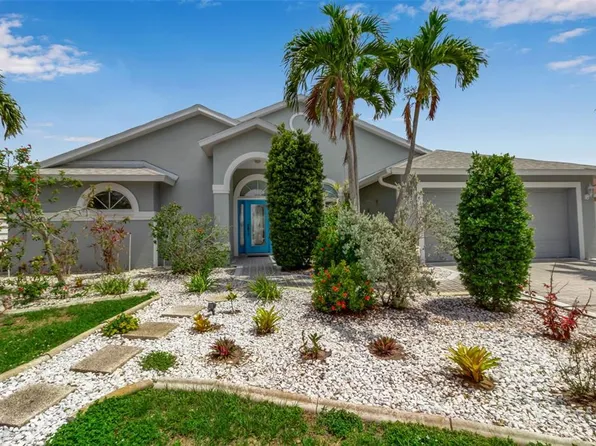 6113 55th Ter E, Bradenton, FL 34203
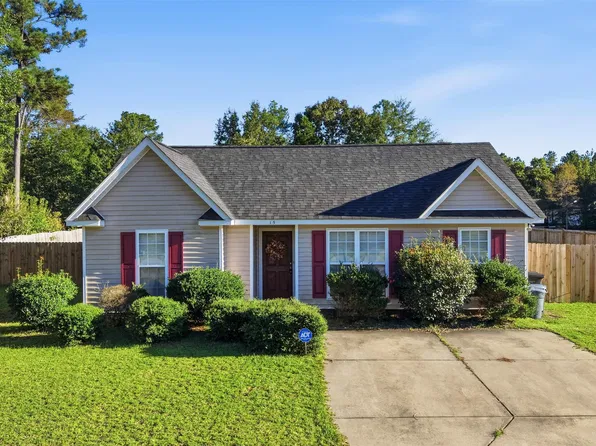 15 Gamebird Ln, Lugoff, SC 29078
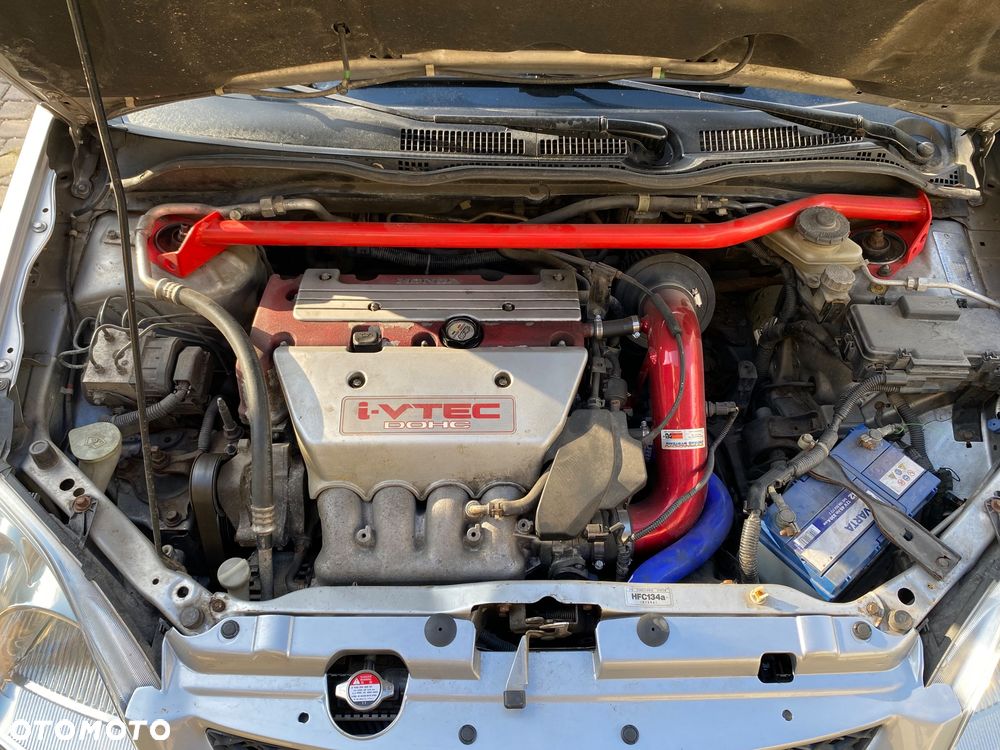Honda Civic 2.0i Type-R - 17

- **PROBLEM TO WORK ON**: What this calls for is the material above set down exactly, pictures excluded.

- **EXERCISE RESULT**:
 6113 55th Ter E, Bradenton, FL 34203
 15 Gamebird Ln, Lugoff, SC 29078
Honda Civic 2.0i Type-R - 17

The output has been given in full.